Gueule d'ange, limite boys band, et pourtant Saez se fait un devoir de ne pas mettre son physique en avant. Le cas relève plutôt du ténébreux romantique, sincèrement révolté, un brin poseur et provoc, déprimant mais pas pessimiste. Entre rock et ballades, naïveté et maturité, il est la preuve vivante que dans cette "jeunesse France", il n'y a pas que des "pions". "Je crois en effet que tout est possible. C'est un des avantages du monde dans lequel on vit. Il faut y croire, avoir du courage, se remettre en question, accepter de se prendre des baffes..."
Reprenons.
Jeunesse modeste et sage à Dijon. Bac et conservatoire de piano. Satisfait de sa formation musicale ? "Oui et non. Oui, car c'est la musique dans toute sa complexité, un apprentissage énorme, des dons qui se dévoilent par rapport à l'oreille. Il s'agit d'une réelle étude. Quelque part, ce sont des mathématiques en musique, avec le caractère émotionnel en plus. Et non, parce que l'on étudie des génies mais on ne laisse pas de place à l'identité de chacun. On comprend que l'on ne sera jamais à leur hauteur." Résultat ? Départ pour Paris après le lycée.
A-t-il à un moment précis choisi ce métier ? "Je répondais en disant que c'était ce que je voulais faire. Il y avait beaucoup de musique à la maison, c'était un peu mon compagnon de voyage à travers les années, une sorte de prédestination.

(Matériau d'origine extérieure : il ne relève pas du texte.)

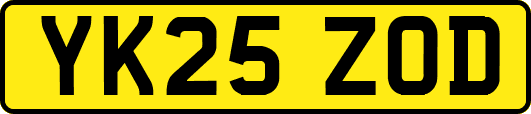 YK25ZOD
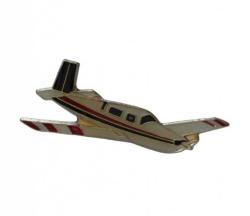 Flugzeug Anstecker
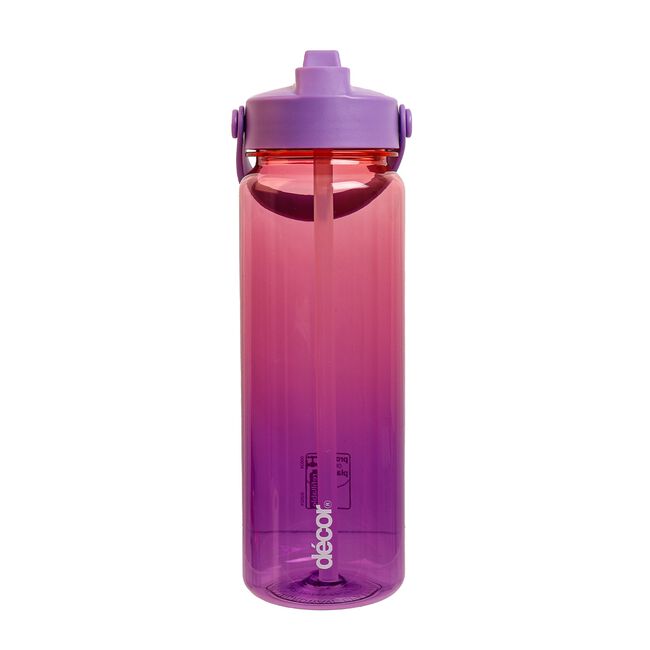 Decor Ombre Tritan Bottle 700ml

J'écoutais plutôt du rock et du jazz alors que je jouais du classique : ça m'a donné une ouverture d'esprit." Parmi ses autres influences artistiques, Zola, Baudelaire et Rimbaud. Sa conscience sociale, il dit la devoir à sa sensibilité. "Ne pas accepter. Etre trop ému pour se taire. Ne pas être blasé." Rencontrer "le Moyen Age à chaque coin de rue" n'en finit pas de l'écœurer. Jusque là, il a choisi les mots pour lutter. En espérant avoir un jour le courage de dépasser ce stade.

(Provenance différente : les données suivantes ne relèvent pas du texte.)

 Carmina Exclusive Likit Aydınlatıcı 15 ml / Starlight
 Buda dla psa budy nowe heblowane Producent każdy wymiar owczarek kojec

Peut-on parler de compassion ? Le jeune homme aurait tendance à rejeter le caractère chrétien de ce mot. Pourtant ses textes ne manquent pas d'anges, de ciels, d'étoiles... Une de ses chansons s'intitule même Hallelujah ; une autre Montée là-haut. Il préfère explorer d'autres pistes de réponses : "Je n'arrive pas à me contenter de l'introspection. C'est trop nombriliste." Mais revient sur la question de la religion : "La seule chose que je respecte, c'est la faculté de croire des gens. Ca leur donne une réponse à la mort et c'est déjà pas mal. S'en tenir aux raisonnements scientifiques pour répondre à la mort n'est pas très gai." La mort lui fait peur. Comme une angoisse lourde, d'autant plus terrifiante qu'il n'y a jamais été confronté.

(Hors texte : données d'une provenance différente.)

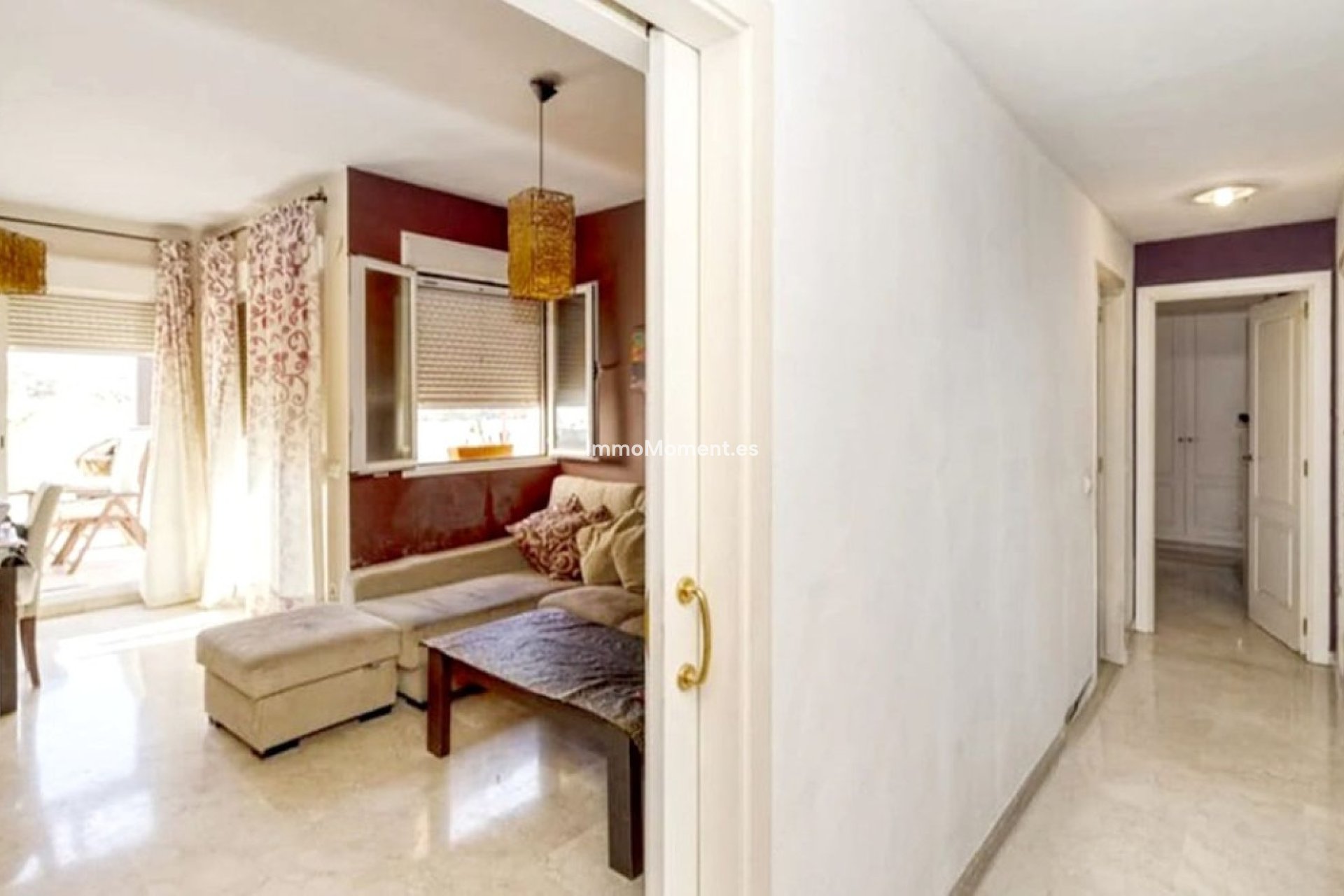 Wiederverkauf - Wohnung - Mijas - Mijas Golf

Au cœur de ses textes, encore, la drogue ou le constat que les jeunes ne sont pas heureux. "Comment peut-on être heureux devant un écran d'ordinateur ? Je trouve ça bête et dommage. C'est une télé améliorée. Il y a trop de temps perdu. Il faut un peu de vie." Il trouve pourtant normal que la jeunesse se reconnaisse dans ses textes. Il parle d'eux tout simplement. Mais au fait, et l'amour dans tout ça ? "Je ne sais pas. L'amour est individuel. De toute façon, je ne l'ai jamais rencontré, mais ça ne me traumatise pas."